Au niveau de la population, « lorsque la résistance au dolutégravir augmente, le nombre de personnes présentant une charge virale non supprimée augmente, de même que le risque de transmission. Et si la prévalence de la résistance atteint un certain seuil, les pays pourraient être contraints de trouver un traitement antirétroviral de remplacement pour les schémas à base de dolutégravir. Or il existe un nombre limité de médicaments capables de remplir le rôle que joue actuellement le dolutégravir en termes de disponibilité, de prix et d’efficacité » poursuit Tom Loosli.

Limiter la résistance : stratégies et recommandations

Un point positif est néanmoins relevé par le Pr Charpentier : « Ces travaux montrent aussi que les augmentations de prévalence des résistances ne sont pas inéluctables et qu’il est possible de les limiter via plusieurs mesures ». Parmi celles-ci : « Un soutien aux PVVIH avec une aide au renforcement de l’observance, pour qu’elles prennent correctement leur traitement ; un suivi régulier de la charge virale pour repérer les PVVIH ne répondant pas au dolutégravir et modifier rapidement leur traitement ; et enfin, la réalisation de tests de génotypage chez ces PVVIH pour analyser le génome de leurs souches virales et s’assurer que celles-ci ne sont pas résistantes ».

Par exemple, la modification immédiate du traitement dès la détection d’un échec thérapeutique pourrait réduire le nombre de PVVIH présentant une résistance au dolutégravir de 41,7 % à jusqu’à 8 %. Problème : « L’arrêt des fonds américains destinés à la lutte contre le VIH en Afrique risque d’empirer la situation : ces fonds permettaient — entre autres — de payer les tests de charge virale et le personnel qui les réalisent… ».

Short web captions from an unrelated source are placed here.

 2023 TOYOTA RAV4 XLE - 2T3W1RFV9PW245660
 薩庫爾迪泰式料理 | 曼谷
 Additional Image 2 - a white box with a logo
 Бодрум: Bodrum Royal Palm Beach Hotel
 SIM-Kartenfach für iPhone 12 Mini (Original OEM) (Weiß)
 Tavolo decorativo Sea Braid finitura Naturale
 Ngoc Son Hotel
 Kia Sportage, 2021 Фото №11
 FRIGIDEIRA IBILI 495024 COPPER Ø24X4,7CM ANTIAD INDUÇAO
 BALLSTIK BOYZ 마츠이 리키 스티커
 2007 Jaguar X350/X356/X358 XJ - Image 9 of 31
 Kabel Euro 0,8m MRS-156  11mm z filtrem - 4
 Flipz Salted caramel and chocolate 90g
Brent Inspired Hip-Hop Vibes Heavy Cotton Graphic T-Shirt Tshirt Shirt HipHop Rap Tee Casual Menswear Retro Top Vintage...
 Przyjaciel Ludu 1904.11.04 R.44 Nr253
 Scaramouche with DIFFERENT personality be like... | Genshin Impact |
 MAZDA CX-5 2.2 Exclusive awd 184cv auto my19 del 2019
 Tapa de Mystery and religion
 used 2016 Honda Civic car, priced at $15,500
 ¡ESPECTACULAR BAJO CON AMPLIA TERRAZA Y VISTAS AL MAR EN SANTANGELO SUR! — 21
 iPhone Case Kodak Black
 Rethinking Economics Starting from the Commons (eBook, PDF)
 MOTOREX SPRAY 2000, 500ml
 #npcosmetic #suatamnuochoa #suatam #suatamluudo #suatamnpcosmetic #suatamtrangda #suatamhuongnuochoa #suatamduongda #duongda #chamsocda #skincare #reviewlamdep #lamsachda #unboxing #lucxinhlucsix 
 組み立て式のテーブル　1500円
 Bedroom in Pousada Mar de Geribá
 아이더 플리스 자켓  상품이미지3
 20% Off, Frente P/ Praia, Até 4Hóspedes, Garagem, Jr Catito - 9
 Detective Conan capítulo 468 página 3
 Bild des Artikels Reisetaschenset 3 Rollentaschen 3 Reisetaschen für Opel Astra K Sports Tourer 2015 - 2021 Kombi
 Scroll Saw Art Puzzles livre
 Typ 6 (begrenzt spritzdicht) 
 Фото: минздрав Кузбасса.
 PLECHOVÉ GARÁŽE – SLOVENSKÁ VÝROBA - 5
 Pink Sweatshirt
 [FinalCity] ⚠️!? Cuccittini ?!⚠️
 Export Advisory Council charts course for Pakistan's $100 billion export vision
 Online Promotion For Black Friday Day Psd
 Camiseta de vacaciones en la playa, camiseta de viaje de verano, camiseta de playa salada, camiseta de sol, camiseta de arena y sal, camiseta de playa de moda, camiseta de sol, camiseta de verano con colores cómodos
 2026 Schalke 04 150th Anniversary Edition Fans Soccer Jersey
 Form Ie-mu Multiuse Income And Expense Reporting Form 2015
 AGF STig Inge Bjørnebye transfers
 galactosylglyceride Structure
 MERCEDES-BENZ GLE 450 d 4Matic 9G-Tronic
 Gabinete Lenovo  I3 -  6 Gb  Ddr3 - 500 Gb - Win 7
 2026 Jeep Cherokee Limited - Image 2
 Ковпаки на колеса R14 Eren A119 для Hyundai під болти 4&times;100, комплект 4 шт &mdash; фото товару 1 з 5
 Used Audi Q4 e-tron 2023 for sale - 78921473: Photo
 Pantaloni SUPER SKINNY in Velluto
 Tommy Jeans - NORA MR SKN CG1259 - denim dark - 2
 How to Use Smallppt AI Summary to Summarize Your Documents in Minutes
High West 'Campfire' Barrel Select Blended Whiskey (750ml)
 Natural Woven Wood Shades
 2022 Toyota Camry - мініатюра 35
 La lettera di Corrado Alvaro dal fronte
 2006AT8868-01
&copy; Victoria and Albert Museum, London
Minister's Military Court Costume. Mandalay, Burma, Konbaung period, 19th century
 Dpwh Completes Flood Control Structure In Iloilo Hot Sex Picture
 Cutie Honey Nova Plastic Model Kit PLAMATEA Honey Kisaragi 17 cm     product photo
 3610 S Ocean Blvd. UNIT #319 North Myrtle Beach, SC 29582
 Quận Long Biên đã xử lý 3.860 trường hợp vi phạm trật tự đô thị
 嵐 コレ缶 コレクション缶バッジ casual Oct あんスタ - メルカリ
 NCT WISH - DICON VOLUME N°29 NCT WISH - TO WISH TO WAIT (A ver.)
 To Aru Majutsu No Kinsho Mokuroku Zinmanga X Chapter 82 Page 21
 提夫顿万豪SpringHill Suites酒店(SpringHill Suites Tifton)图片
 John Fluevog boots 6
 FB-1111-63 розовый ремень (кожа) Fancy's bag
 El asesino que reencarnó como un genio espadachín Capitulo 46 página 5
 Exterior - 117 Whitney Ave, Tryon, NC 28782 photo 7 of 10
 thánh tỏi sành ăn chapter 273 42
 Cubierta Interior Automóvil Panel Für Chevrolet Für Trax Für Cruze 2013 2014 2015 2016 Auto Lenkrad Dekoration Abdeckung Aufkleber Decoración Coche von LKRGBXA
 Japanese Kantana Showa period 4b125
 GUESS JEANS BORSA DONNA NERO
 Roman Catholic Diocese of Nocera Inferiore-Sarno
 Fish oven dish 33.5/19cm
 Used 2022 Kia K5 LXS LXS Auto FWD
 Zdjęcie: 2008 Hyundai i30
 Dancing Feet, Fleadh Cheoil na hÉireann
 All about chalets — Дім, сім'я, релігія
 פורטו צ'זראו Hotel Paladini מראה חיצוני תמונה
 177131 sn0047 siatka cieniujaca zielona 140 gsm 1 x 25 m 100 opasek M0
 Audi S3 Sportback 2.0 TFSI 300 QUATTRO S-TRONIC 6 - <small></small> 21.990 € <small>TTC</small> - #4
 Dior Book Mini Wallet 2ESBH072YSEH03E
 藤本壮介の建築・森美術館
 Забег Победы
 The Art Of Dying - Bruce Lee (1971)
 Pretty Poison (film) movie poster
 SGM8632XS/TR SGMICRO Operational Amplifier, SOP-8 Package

Le Pr Charpentier de conclure : « Nous sommes à la croisée des chemins. Pour l’instant, même si une hausse des résistances est décrite dans plusieurs études, elle n’est pas dramatique. Cependant, il faut suivre la situation de près pour limiter ce risque et réagir au plus vite s’il y a une envolée de ce phénomène. » La surveillance par la charge virale et la réalisation d’études de prévalence de résistance sont donc cruciales. 🟥

Notes et références

[i] Tom Loosli et al. Lancet HIV. Novembre 2023. doi: 10.1016/S2352-3018(23)00228-X. Epub 2023 Oct 10.
[ii] « Bref rapport 2024 de l’OMS sur la pharmacorésistance du VIH ». Téléchargeable ici : https://www.who.int/publications/i/item/9789240086319
[iii] Tom Loosli et al. Lancet Glob Health. Avril 2025. doi: 10.1016/S2214-109X(24)00553-9.